Il valore di 2,37x non è una cifra buttata lì a caso. Rappresenta il distacco che AMD rivendica nel confronto diretto con Vera, la piattaforma su cui NVIDIA punta molto per il futuro dei suoi sistemi. E quando si arriva a numeri del genere, è evidente che la posta in gioco va ben oltre la semplice questione di bandiera tra produttori rivali.
Zen 6 Venice e la corsa alle fabbriche di intelligenza artificiale
A spostare ancora più avanti l’asticella ci pensa Venice, il nome in codice della generazione costruita su Zen 6. Qui il vantaggio dichiarato supera il 3,3x, un salto che dovrebbe consolidare la posizione di AMD proprio mentre l’intero settore accelera lo sviluppo delle proprie CPU.
Il motivo di tutta questa frenesia ha un nome ben preciso: AI agentica.
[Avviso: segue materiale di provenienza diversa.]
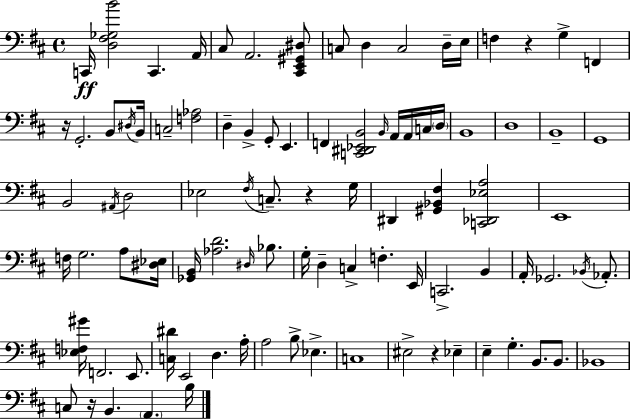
{
  \clef bass
  \time 4/4
  \defaultTimeSignature
  \key d \major
  c,16\ff <d fis ges b'>2 c,4. a,16 | cis8 a,2. <cis, e, gis, dis>8 | c8 d4 c2 d16-- e16 | f4 r4 g4-> f,4 | \break r16 g,2.-. b,8 \acciaccatura { dis16 } | b,16 c2-- <f aes>2 | d4-- b,4-> g,8-. e,4. | f,4 <c, dis, ees, b,>2 \grace { b,16 } a,16 a,16 | \break c16 \parenthesize d16 b,1 | d1 | b,1-- | g,1 | \break b,2 \acciaccatura { ais,16 } d2 | ees2 \acciaccatura { fis16 } c8.-- r4 | g16 dis,4 <gis, bes, fis>4 <c, des, ees a>2 | e,1 | \break f16 g2. | a8 <dis ees>16 <ges, b,>16 <aes d'>2. | \grace { dis16 } bes8. g16-. d4-- c4-> f4.-. | e,16 c,2.-> | \break b,4 a,16-. ges,2. | \acciaccatura { bes,16 } aes,8.-. <ees f gis'>16 f,2. | e,8. <c dis'>16 e,2 d4. | a16-. a2 b8-> | \break ees4.-> c1 | eis2-> r4 | ees4-- e4-- g4.-. | b,8. b,8. bes,1 | \break c8 r16 b,4. \parenthesize a,4. | b16 \bar "|."
} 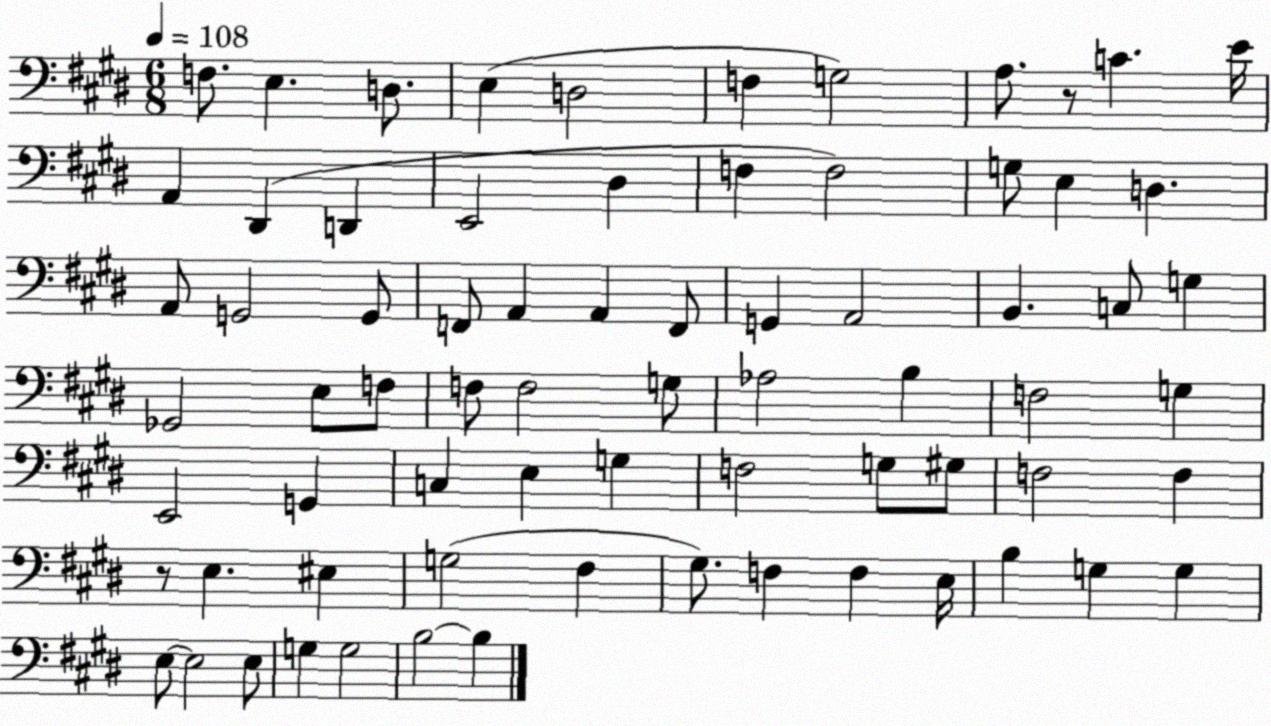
X:1
T:Untitled
M:6/8
L:1/4
K:E
F,/2 E, D,/2 E, D,2 F, G,2 A,/2 z/2 C E/4 A,, ^D,, D,, E,,2 ^D, F, F,2 G,/2 E, D, A,,/2 G,,2 G,,/2 F,,/2 A,, A,, F,,/2 G,, A,,2 B,, C,/2 G, _G,,2 E,/2 F,/2 F,/2 F,2 G,/2 _A,2 B, F,2 G, E,,2 G,, C, E, G, F,2 G,/2 ^G,/2 F,2 F, z/2 E, ^E, G,2 ^F, ^G,/2 F, F, E,/4 B, G, G, E,/2 E,2 E,/2 G, G,2 B,2 B,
Questa nuova ondata di applicazioni sta costringendo tutti i grandi nomi del settore a correre, perché alimentare le cosiddette fabbriche di intelligenza artificiale, quelle strutture che misurano i propri consumi in multipli di gigawatt, richiede una potenza di calcolo che fino a poco tempo fa sembrava quasi fantascienza.
Nella gara ci sono tre protagonisti principali, ovvero AMD, Intel e la stessa NVIDIA. Ma il quadro è più affollato di quanto possa sembrare. Anche realtà come Arm, Qualcomm e Broadcom stanno lavorando ai propri processori pensati per questi carichi di lavoro. La differenza, almeno per ora, è che questi ultimi nomi non hanno ancora iniziato a fornire concretamente le loro soluzioni sul mercato.
Il messaggio che AMD vuole far passare con questi benchmark è dunque doppio. Da un lato c’è la rivendicazione di un primato già attuale con EPYC Turin, dall’altro la promessa di allungare ulteriormente il passo con l’arrivo di Venice. In un settore dove la concorrenza si gioca sui dettagli e sui decimali, mostrare margini di questa portata è un modo per ribadire con forza una posizione di vantaggio nella corsa alle infrastrutture per l’intelligenza artificiale.